The second quarter produced strong headline figures, with EPS and revenue in the second quarter of 2025 were both ahead of expectations and last year’s levels. Net income available to common shareholders (GAAP) reached $130.7 million in Q2 2025. Average loan and lease balances rose to $34.5 billion, up 3.7% in Q2 2025, while Average deposits grew 7.3% to $37.1 billion. These gains reflected balanced growth in both commercial and consumer segments.

Net interest margin (FTE) (non-GAAP)—an indicator of lending profitability—expanded to 3.19% in Q2 2025, up from 3.09 % in the previous year and 3.03 % last quarter. This rise stemmed from a combination of higher revenue from interest-earning assets and disciplined management of deposit funding costs. The loan-to-deposit ratio improved to 92%.

Non-interest income, the portion of revenues not tied to lending, reached $91.0 million in the second quarter—a record level for the company. Fee income diversity amplified, with capital markets income increasing 34.1% year over year, wealth management revenues up 5.2% year over year in the second quarter, and other fee lines such as international banking and gains from lease disposals contributing to non-interest income growth. The acquisition of Raptor Partners, a financial advisory firm, added a new advisory product line.

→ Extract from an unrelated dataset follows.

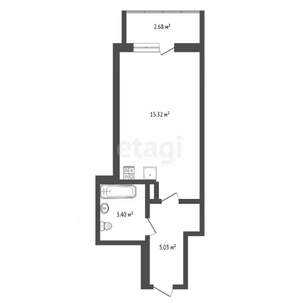 Студия квартира, вторичка, 25м2, 14/19 этаж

The bank continued to invest in technology, including AI-driven digital onboarding and a direct deposit switch capability, aimed at making it easier for new clients to move primary banking relationships. The Clicks-to-Bricks approach blends physical locations with digital platforms to streamline account opening and product selection for consumers. These tools are integrated with the eStore platform, allowing customers to open and manage products online, supported by advanced analytics and automation.

From a business line view, Commercial loan growth was led by a 17.8% increase in commercial leases, while commercial real estate portfolios saw risk managed down in line with capital planning. Consumer loan growth was strong in residential mortgages, which increased by $1.2 billion year over year in the second quarter.

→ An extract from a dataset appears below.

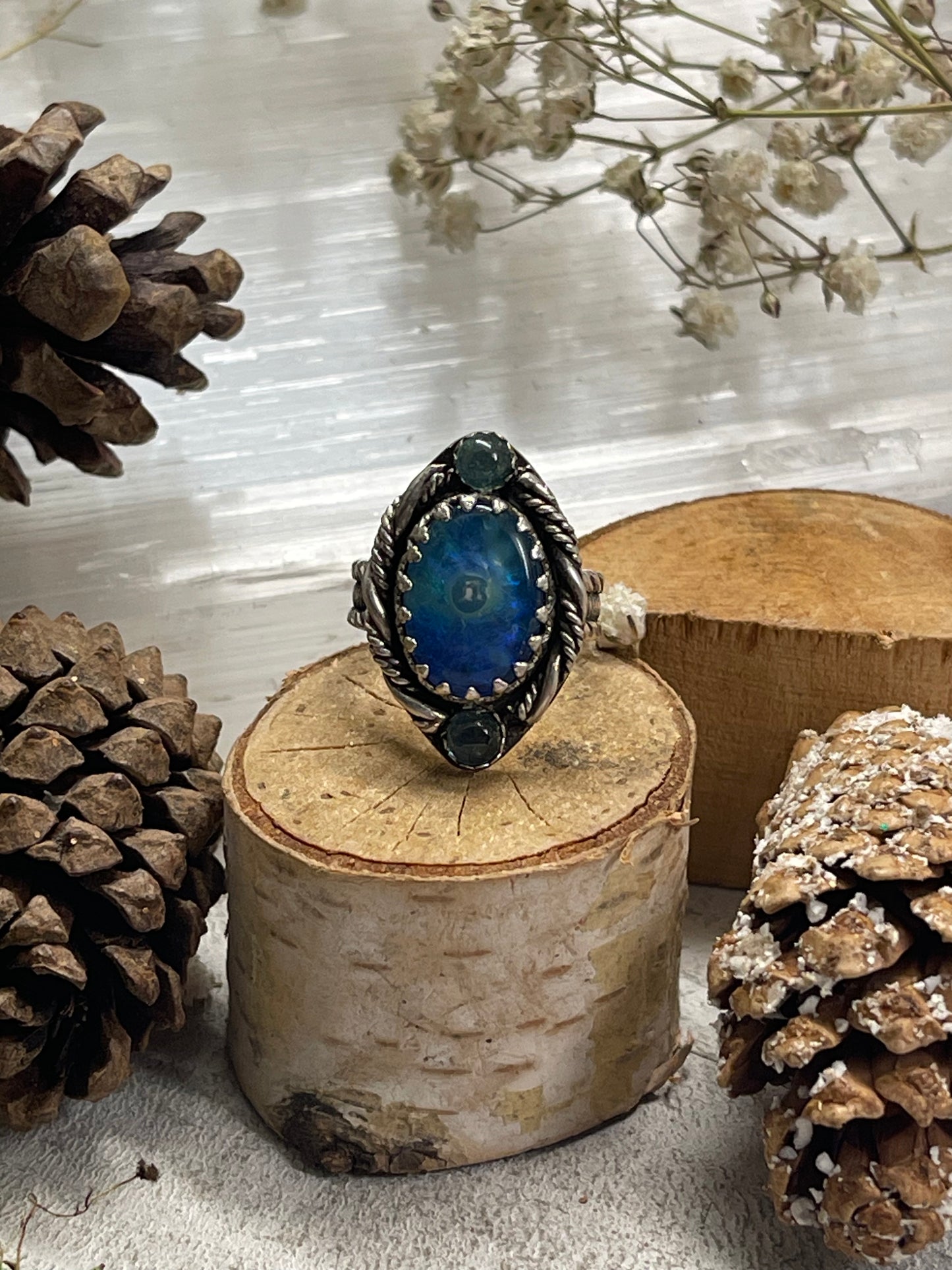 Boulder Opal & Blue Tourmaline Ring Size 5 1/2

Non-interest expense increased 8.7% year over year to $246.2 million. This included higher salaries and benefits, up 7.4%, reflecting continued hiring for market and risk infrastructure expansion. Technology and branch growth contributed to a 10.1% rise in occupancy and equipment costs. The efficiency ratio (non-GAAP), which tracks costs as a portion of income, improved sequentially but remained slightly higher compared to Q2 2024.

Credit quality remained robust, but The provision for credit losses (GAAP) jumped 26.8% compared to Q2 2024. Net charge-offs—the amount of loans written off as unrecoverable—rose to 0.25% of average loans, up from 0.09% in Q2 2024. The allowance for credit losses stayed at 1.25% of loans, and measures such as non-performing loans remained low.

Regulatory capital metrics were at record highs, with The Common Equity Tier 1 (CET1) regulatory capital ratio was 10.8% as of Q2 2025, well above regulatory minimums. Tangible book value per share (non-GAAP) climbed 12.8% to $11.14. The company repurchased 0.7 million shares at an average price of $13.85.

The quarterly dividend remained steady at $0.12 per share, unchanged from Q2 2024.

Looking Ahead: Guidance and Investor Priorities

Management maintained full-year guidance for 2025, projecting net interest income of $1.345 billion to $1.385 billion for 2025 and non-interest income of $350 million to $370 million. Expense guidance was also held steady, with non-interest expenses forecast between $965 million and $985 million for the year. The provision for credit losses (GAAP) is expected to fall between $85 million and $105 million.

Loan growth pipelines remain slightly softer on a year-over-year basis, but the bank expects a seasonal pickup in the second half of 2025. Management also cited ongoing investments in technology and compliance as areas to watch, especially with asset levels approaching the $50 billion threshold that triggers more stringent regulatory standards under the Dodd-Frank Act. Investors will likely monitor expense growth versus revenue, ongoing shifts in deposit mix toward higher-rate products, and the impact of rising credit costs as the year progresses.

Revenue and net income presented using U.S. generally accepted accounting principles (GAAP) unless otherwise noted.